Base jumping — not exactly risk-free …
Clif Bar’s logic is fairly straight-forward: these extreme athletes are increasingly under pressure to pursue even riskier stunts. Whether it’s their own personal decision or pressure from the culture of extreme sports — where athletes may feel the need to ‘push the envelope’ to grab their share of the media attention that their sponsors appreciate (or demand?) — is sort of a mute point. It happens and people die.
Clif Bar doesn’t want to support it anymore.
An interesting dilemma without an easy answer. Even one of the athletes accepted the decision.
You might like an interesting 4 minute NPR interview with the author of this article from the New York Times. The article basically says that people will continue to take these risks with or without sponsors (or with new sponsors.
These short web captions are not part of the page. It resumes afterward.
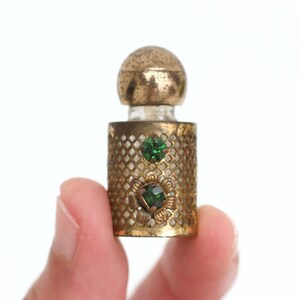 May include: A miniature perfume bottle featuring a cylindrical gold-toned metal casing with a diamond-patterned lattice overlay. The casing is decorated with two small, faceted green glass stones, one set within a floral-shaped metal mount.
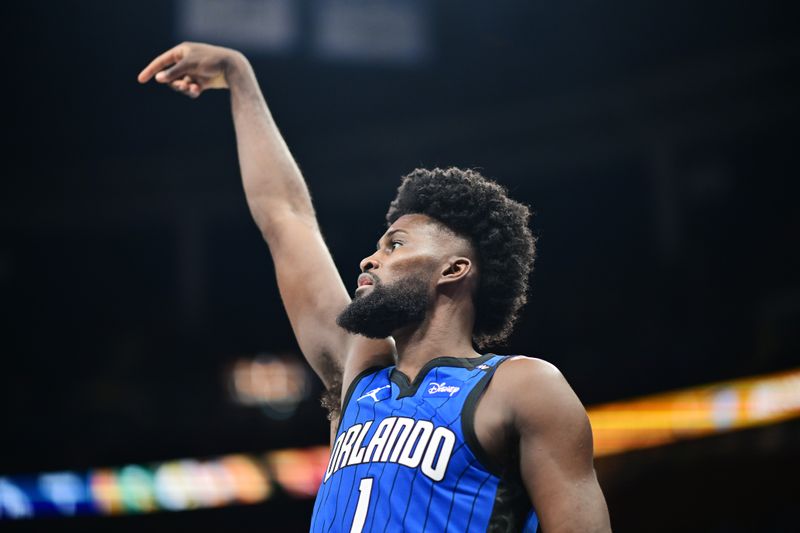 ORLANDO, FLORIDA - NOVEMBER 12: Jonathan Isaac #1 of the Orlando Magic shoots a three-point-basket in the second half against the Charlotte Hornets during an Emirates NBA Cup game at Kia Center on November 12, 2024 in Orlando, Florida. NOTE TO USER: User expressly acknowledges and agrees that, by downloading and or using this photograph, User is consenting to the terms and conditions of the Getty Images License Agreement. (Photo by Julio Aguilar/Getty Images)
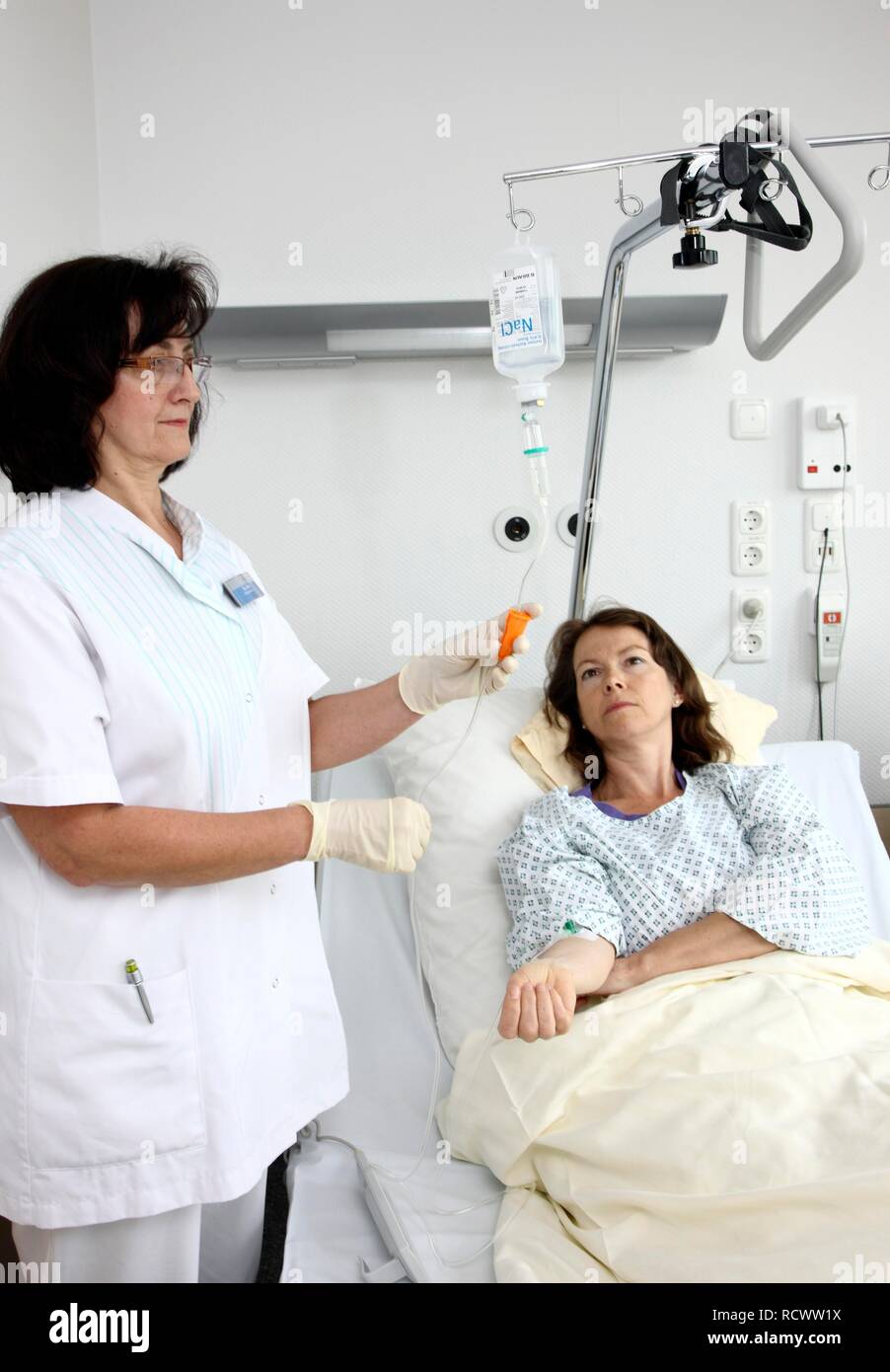 L'infermiera mettendo un paziente in un letto di ospedale su una infusione a gocciolamento, ospedale Foto Stock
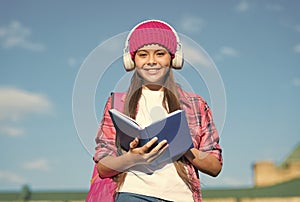 Happy primary school kid read book listening to foreign language course playing in headphones sunny outdoors, english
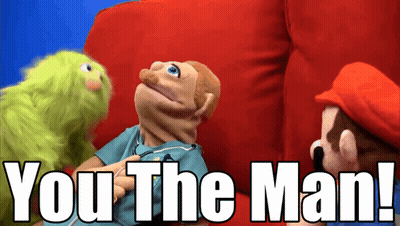 Mario And A Green Puppet Are Sitting On A Red Couch With The Words " You The Man " Below Them GIF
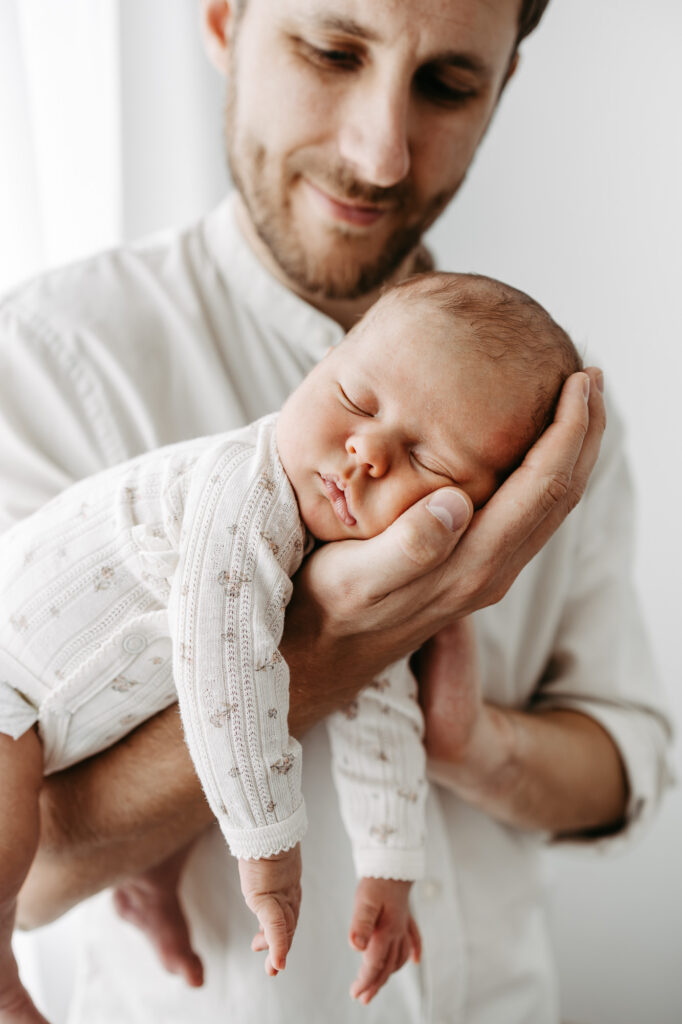 Detailaufnahme: das schlafende Babygesicht ruht in der Hand des Vaters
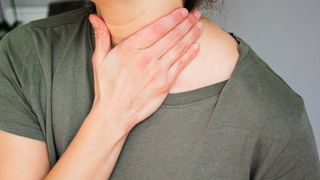 woman touching her neck with one hand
Think: Red Bull). Good point and hard to disagree with: risk-taking is a natural human instinct for many. But …
… in the end I think I agree with Clif. I like this quote from their statement:
We no longer feel good about benefiting from the risks athletes take … in a sport where there is no margin for error.
In the end, each side has to do what they think is best. Clif Bar, a company who places high value on social, environmental, and ethical values, doesn’t feel comfortable with this anymore. (I’m currently reading a top-selling book by Gary Erickson, founder of Clif Bar, who talks about the importance of following your values — good read).
What about Multisport?
Rappelling in China may not be entirely risk-free, but we do use a rope and back-up systems. The two racers in this picture (ironically from Team Red Bull) are not only connected to the rope, but also to each other.
Will I feel the same if Clif Bar applies this logic to multisport? Fair question. I would like to think that I would continue to pursue endurance sports, as it provides an inner satisfaction that makes me feel alive (perhaps not much different than how Alex H feels?). But I would admittedly have trouble pursuing it on the same level I do now, which is certainly made possible by the support of my sponsors.
But I would also add that the risks I take look pretty marginal compared to free-soloing and base jumping … with a possible exception of the sleep deprived suffer-fests called adventure racing that I used to love, but no longer pursue
Follow your passion, but appreciate your sponsors.